Дома были хороши. Со старыми деревянными воротами и с современным электронным кодом рядом. И, набрав код, ты получаешь в награду интимный приветливый щелчок — заходи, узнал. И… не скрип, а… почти кошачье урчанье открываемой на хорошей пружине двери.
И… запахи…
Я был почти счастлив, позволив себе на сегодня ни о чем не думать, а просто идти и идти по этому непонятно каким чудом сложившемуся городу. Единственное, что немного отравляло почти стыдную беззаботность существования, — это подозрение: может быть, здесь же, в этой толпе, на этих перекрестках пробегают, едут в машинах, или в метро под землей, или пролетают сейчас надо мной в самолетах в этом облачном весеннем небе — носы!
Экая штука!
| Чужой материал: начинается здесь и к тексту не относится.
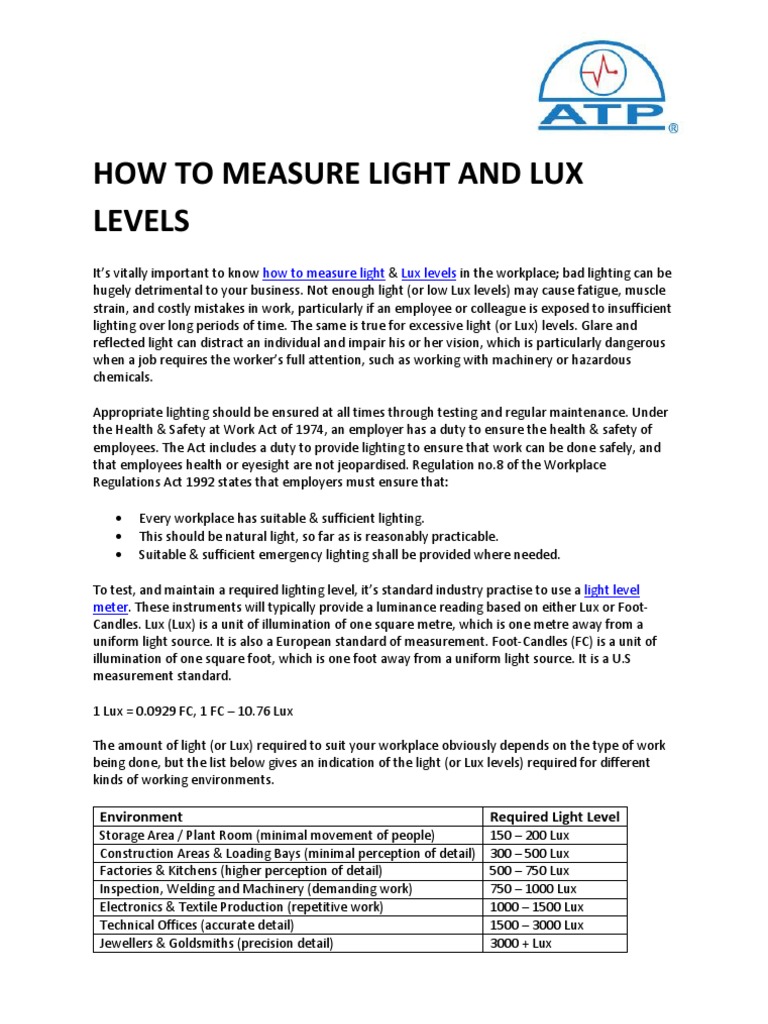 How to Measure Light and Lux Levelss Lighting Occupational Safety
В Гоголе черт сидит. Всегда это знал. Прикоснешься — и зацеплен, не отпустит. «Нос»-то я не только читал, но и исполнял, почти наизусть знал и, признаться, в глубине души полагал его гениальной шуткой без особого содержания. Соус для блюда. Вкусно, но само по себе несущественно. И вдруг… батюшки мои! Да вот он — в серебристом «мерседесе». Уперся взглядом в красный свет на перекрестке — торопится! «Постойте-ка, господин! Имею к вам вопросец. Я выяснить желаю…» Ку-у-уда! Умчался.
А вон другой — с зонтиком, в плаще до пят. «Вы, мсье, по какой части разнюхиваете?» Скрылся в толпе.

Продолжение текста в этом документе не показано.